Most domestic cold rolled coil (CRC) spot prices also remained the same since last week and continue to range from about $30.00 cwt. to $32.00 cwt. ($661 /mt to $705 /mt or $600 /nt to $640 /nt) ex-mill in the Midwest. As with HRC, CRC buyers may be able to negotiate deals for under $30.00 cwt. ($661 /mt or $600 /nt) for orders of the right size and volume.

Moving forward, the US flat rolled market is expected to trend neutral over the next couple weeks, although mills may continue to become more flexible on large orders.

Overall, import flat rolled offers to the US are also seeing a slight softening in the bottom of their price range, as overseas mills seem to be becoming a little nervous about the continuing low demand in the global markets. 

Mexico, Argentina, Brazil and Venezuela are all actively offering HRC imports in the range of $24.00 cwt. to $26.00 cwt. ($529 /mt to $573 /mt or $480 /nt to $520 /nt). Mexico offers are delivered to the US at the border crossing, while the South American offers are duty-paid, FOB loaded truck in US Gulf ports.
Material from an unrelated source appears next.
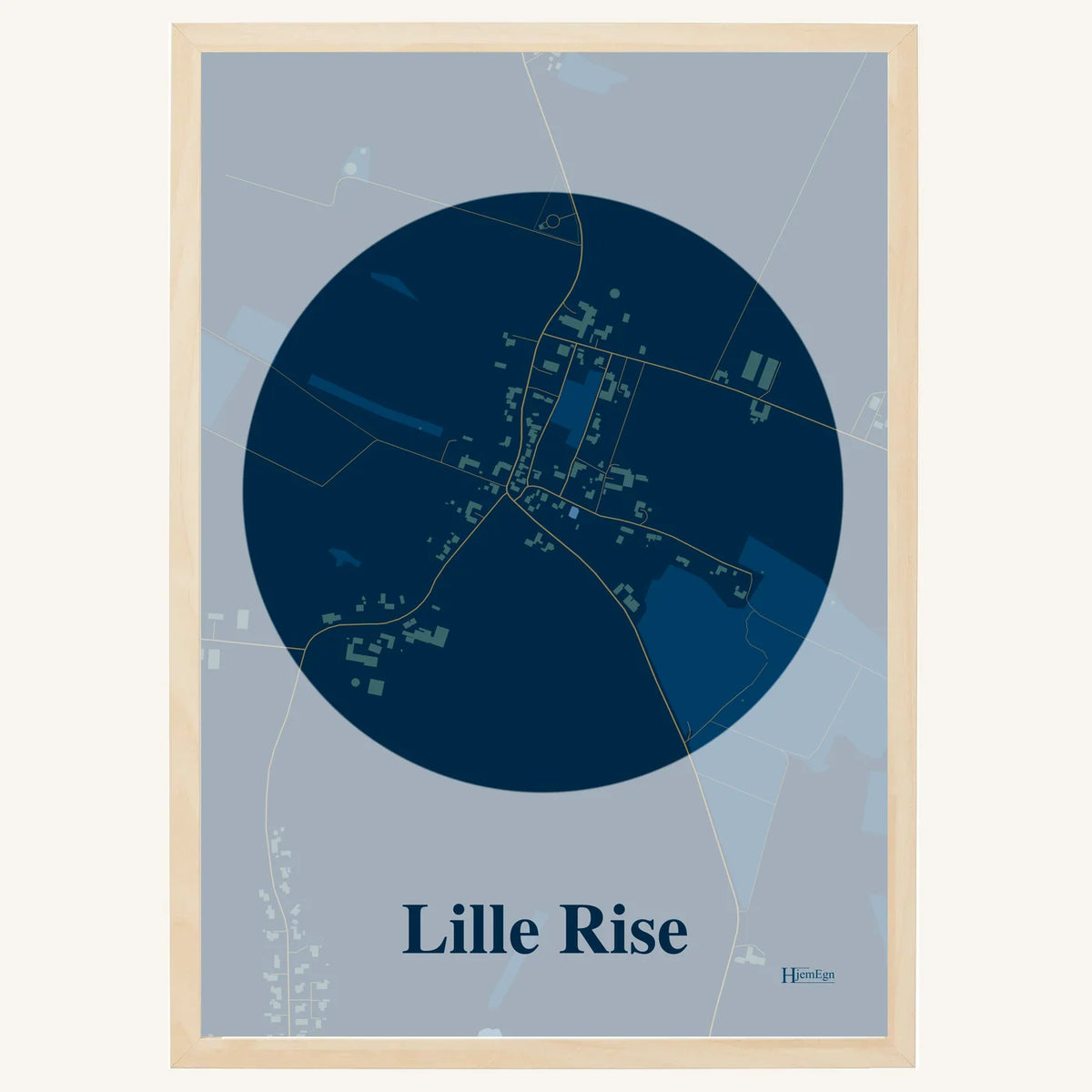 Lille Rise plakat – Centrum 2026 – Mørk blå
While this range is consistent with last week, it is becoming more apparent that negotiations can move prices below the low end of this range, for orders of the right size and volume.

CRC offers from Brazil, Argentina, Turkey, India and Mexico are also aggressive and remain in the range of approximately $28.00 cwt. to $30.00 cwt. ($617 /mt to $661 /mt or $560 /nt to $600 /nt). Mexico's offers are delivered to the US at the border crossing, while the remaining offshore offers are duty-paid, FOB loaded truck in US Gulf ports. Some offers also have the ability to be negotiated downward by about $1.00 cwt. ($22 /mt or $20 /nt) for significant tonnage.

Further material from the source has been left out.